National Collegiate Honors Council

 

Date of this Version

2014

Citation

Published in Journal of the National Collegiate Honors Council, Spring/Summer 2014, Volume 15, Number 1.

Comments

Copyright © 2014 by the National Collegiate Honors Council.

Abstract

The liberal arts, first described in Republican Rome, have been a component of higher education since the advent of the medieval university in the eleventh century. Despite such historical lineage, the value of a liberal arts education is continuously and publicly called into question, and this is a special problem for honors programs, most of which are rooted in the liberal arts. In the public debate about the liberal arts, politicians often insist that higher education must produce quantifiable results and consider subjects such as philosophy unnecessary at best and useless at worst. For example, Patrick McCrory, Governor of North Carolina, endorsed legislation to base funding for state higher education on post-graduate employment rather than enrollment. “It’s not based on butts in seats, he said, but on how many of those butts can get jobs” (Inside Higher Ed par. 3).
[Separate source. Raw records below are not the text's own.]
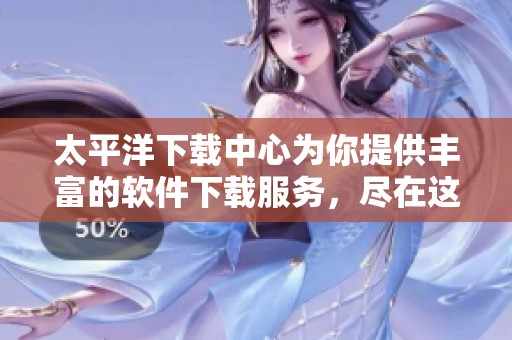 太平洋下载中心为你提供丰富的软件下载服务，尽在这里等你来探索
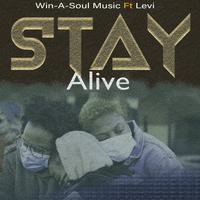 Stay Alive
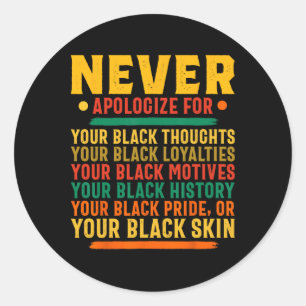 Sticker Rond Ne vous excusez jamais pour votre négritude - Hist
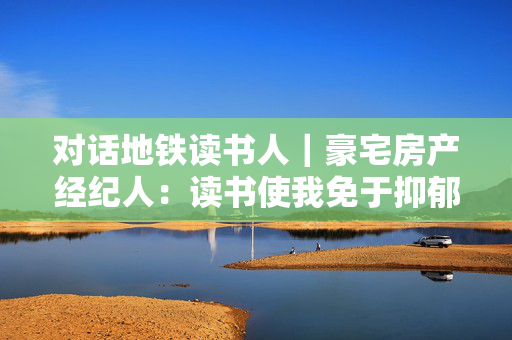 对话地铁读书人｜豪宅房产经纪人：读书使我免于抑郁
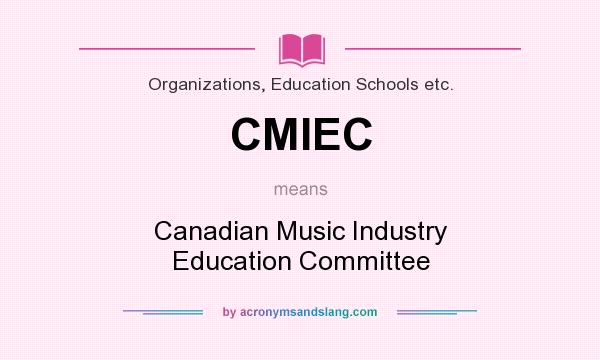 What does CMIEC mean? It stands for Canadian Music Industry Education Committee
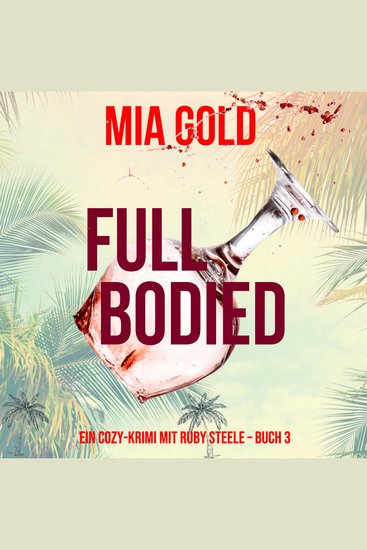 Full Bodied (Ein Cozy-Krimi mit Ruby Steele – Buch 3) - Erzählerstimme digital synthetisiert - cover
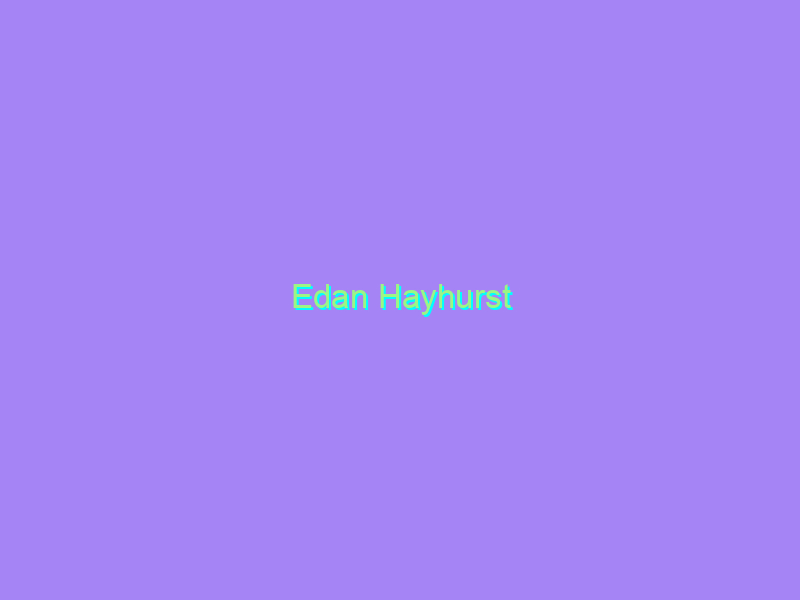 Edan Hayhurst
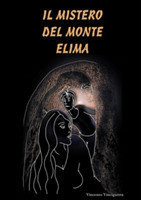 Mistero Del Monte Elima (Prima Edizione Copertina Morbida)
McCrory is not alone as numerous public figures argue for a concentrated focus on specific job training as an efficient path to financial stability. An uncertain economic climate adds sharpness to these heated public debates about what form of education will properly prepare students for an increasingly technology-driven world, and honors education has a lot at stake in these debates. The fate of the liberal arts is in many ways the fate of honors as well.